02/12/2022
My practice is changing again. It’s been a hard thing for me to admit lately, and this time feels harder than my last transition. More often than not, this is what my yoga practice looks like. Stillness, quiet, grounding. I find myself struggling to find creativity in movement— stressed when it doesn’t come naturally like it used to, grieving an identity I once clung to, mourning that I no longer resemble who I thought I was.
So in a surrender of mental fatigue, I simply crumble to the floor and lay there. Not trying to do or be anything. Just feeling each breath as it pushes itself away from the floor and returns back down. Sometimes it feels like my breath is it’s own living entity. As if each time my belly expands, it’s trying to escape, held captive by the confines of body. It’s telling me I’m too rigid— that it can’t easily move through me as it once did. And so I lay there. Listening to the conversation between my body and my breath, willing them to dance together effortlessly as they used to.
This transition of life has been overwhelming. A beautiful expansion of knowledge and growth that has left me simultaneously depleted and grateful. I am grateful for this new purpose my life has been given, but it is in these moments where I lay in stillness that I admit I am terrified. I am afraid of failing and not being good enough to help others. I am scared of unintentionally making someone worse than better. And most of all, I am terrified of being alone.
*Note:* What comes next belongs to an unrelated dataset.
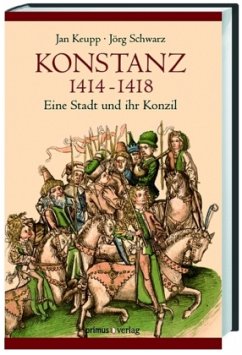 Konstanz 1414-1418 - Keupp, Jan; Schwarz, Jörg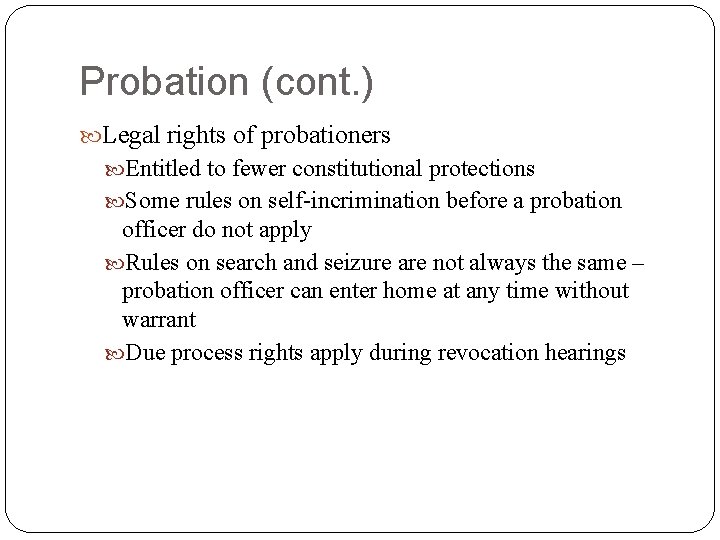 Probation (cont. ) Legal rights of probationers Entitled to fewer constitutional protections Some rules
So these days, my practice is this. Accepting and allowing. Returning to those 2 lessons I have long forgotten. Laying on the floor and simply being a vessel for my breath and my organs. Those are truly what life means. I am nothing without them. I am nothing— And I am everything. I am the amazing, fit woman I see in pictures 7 years ago. And I am the amazing, exhausted, out-out-of-shape woman I am today. I am the same. I am not two women, but many facets of one. I am still learning to love that. But like the body, change and acceptance can’t be rushed. They must be savored and experienced, even when they are not what you would have chosen. But after, comes peace.
So for now, I will be still and just wait.